POTUS: At 8 a.m., President Trump delivers remarks at the 2019 National Prayer Breakfast at the Washington Hilton. The National Prayer Breakfast is an annual event organized by The Fellowship Foundation, a Christian organization, and attended by members of Congress, Cabinet officers, and the diplomatic corps, as well as thousands of other guests. Every U.S. president since Dwight D. Eisenhower has participated in the event.

--- From 2017: "Trump asks for prayers for Arnold Schwarzenegger’s ratings at National Prayer Breakfast" (Washington Post)

At 11:45 a.m., the president receives his intelligence briefing. At 12:45 p.m., he has lunch with Secretary of State Mike Pompeo.

At 1:45 p.m., President Trump signs a national security memorandum launching the "Women's Global Development and Prosperity" (WGDP) initiative. "This new initiative will for the first time coordinate America’s commitment to one of the most undervalued resources in the developing world—the talent, ambition and genius of women," First Daughter Ivanka Trump, a White House senior adviser, wrote in a Wall Street Journal op-ed. "This initiative aims to help 50 million women in developing countries realize their economic potential by 2025.

VP: At 8 a.m., Vice President Mike Pence joins President Trump at the National Prayer Breakfast.

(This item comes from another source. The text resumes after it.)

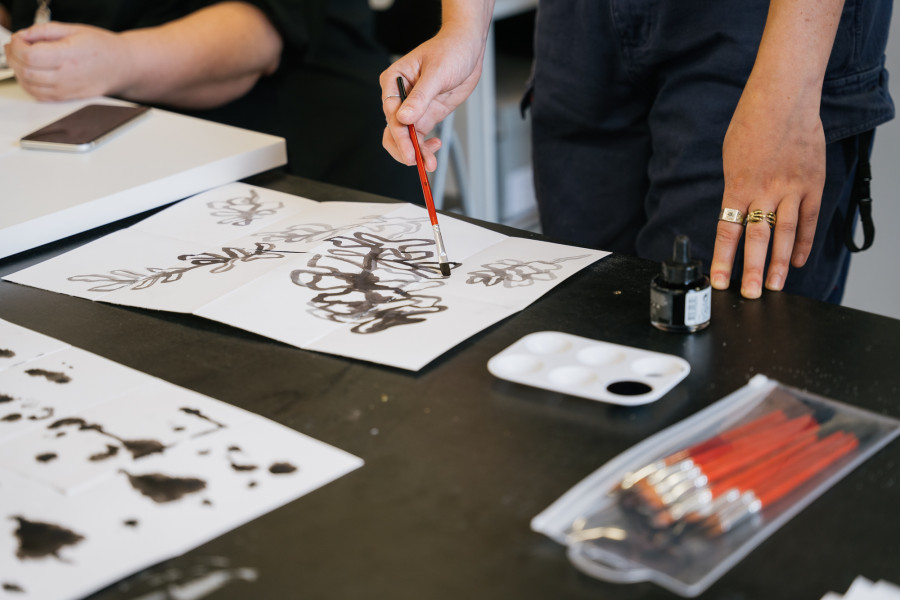 A close-up of Asha's hands painting during their workshop. Asha uses a thin paintbrush and paints black ink onto white paper.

At 11:30 a.m., the vice president delivers remarks to High Intensity Drug Trafficking Area Directors and Deputy Directors.

Congress schedule

Senate: The Senate convenes at 12 p.m. today. Following Leader remarks, the chamber will resume consideration of S.47, the Natural Resources Management Act. Roll call votes on the measure are expected today.

House: The House convenes at 10 a.m. today. The chamber is scheduled to vote on four bills:

  1. H.R. 494 – Tiffany Joslyn Juvenile Accountability Block Grant Program Reauthorization Act of 2019, as amended
  2. H.R. 450 – Preventing Crimes Against Veterans Act of 2019, as amended
  3. H.R. 507 – Putting Trafficking Victims First Act of 2019
  4. H.R. 752 – Open Book on Equal Access to Justice Act

The chamber will also begin consideration of H.R. 840, the Veterans’ Access to Child Care Act.

Supreme Court schedule

The Supreme Court is currently between sittings.